Cada noche, bajo la luz plateada de la luna, ella emergía de las sombras. Era conocida como la Dama Oscura, una vampireza cuya belleza era tan letal como irresistible. Nadie sabía de dónde provenía, pero en los pueblos cercanos susurros corrían: buscaba hombres maduros, aquellos que ya habían probado el vino de la vida y aún conservaban fuego en su mirada.

Esa noche encontró a uno. Un caballero de cabello gris y ojos cansados, sentado en una mesa iluminada por candelabros. Ella se acercó, con sonrisa enigmática, y lo envolvió en un banquete de palabras suaves, vino rojo y caricias que parecían prometer eternidad. Él, fascinado, se dejó llevar, sin comprender que ya estaba atrapado.
En la penumbra de la alcoba, la vampiresa se inclinó sobre su cuerpo. Su contacto era fuego y hielo a la vez, y cada beso suyo arrancaba suspiros que lo debilitaban, pero también lo llenaban de un placer adictivo. Como si bebiera su esencia, ella absorbía su energía, pero al mismo tiempo lo restauraba, jugando con su fuerza y su entrega.

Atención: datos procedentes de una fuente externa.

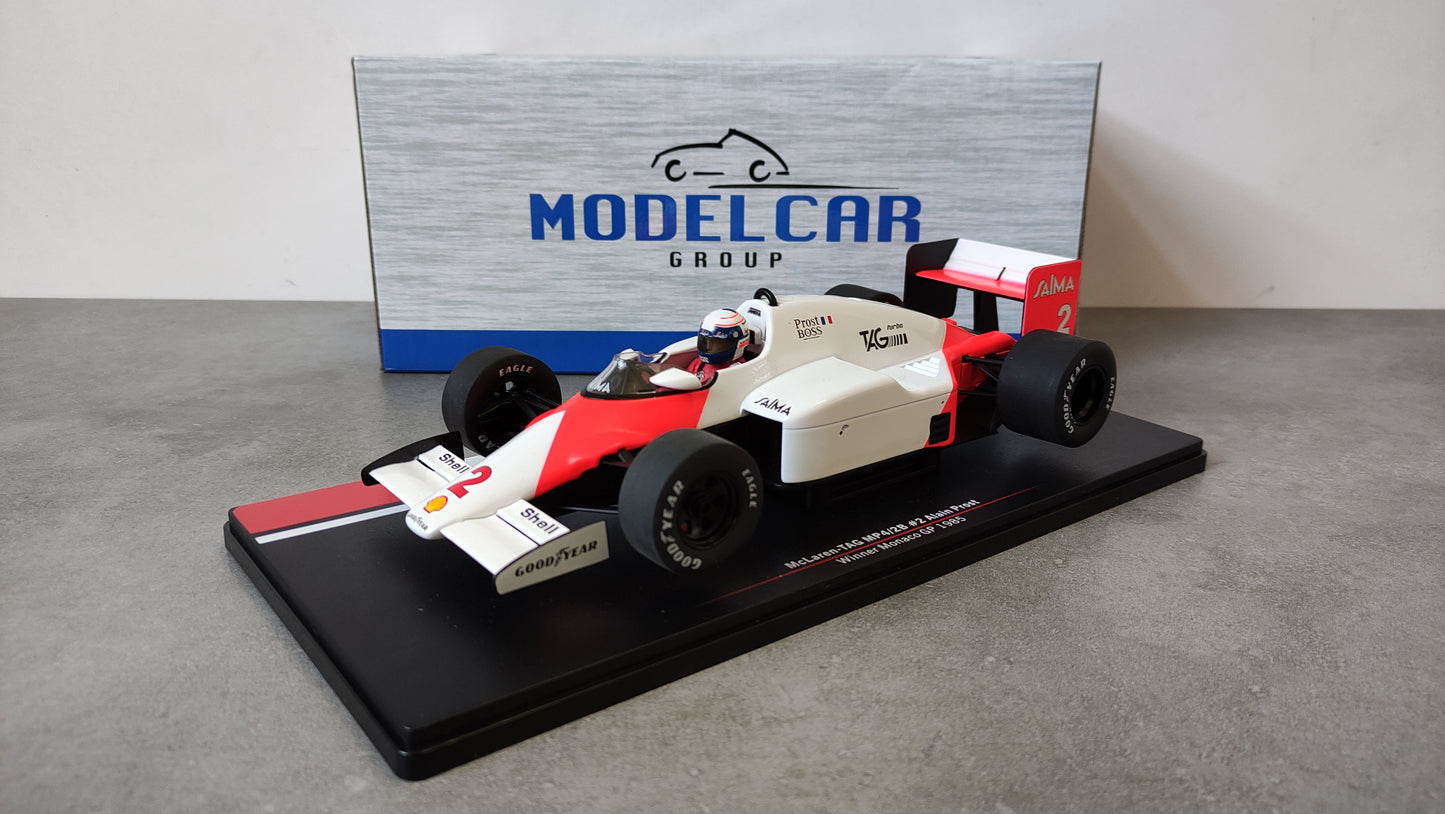 Model Car Group Marlboro Mclaren TAG MP4/2b Alain Prost Winner Monaco GP 1985 F1 World Champion 1/18 MCG18606F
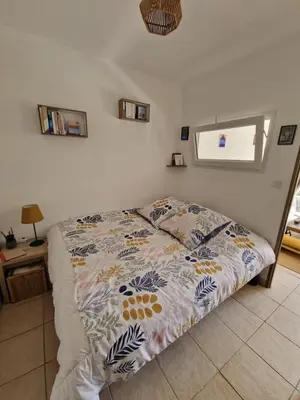 a bedroom with a bed and a window at Alba rossa in Serra-di-Ferro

La madrugada los encontró enredados entre sábanas de seda. Ella, satisfecha y rendida, con una tenue sonrisa en los labios, sabía que su sed había sido saciada… al menos por esa noche. El hombre, exhausto y rejuvenecido a la vez, comprendió que había entregado algo más que su cuerpo: había ofrecido su alma a la oscuridad, y ya nunca volvería a ser el mismo.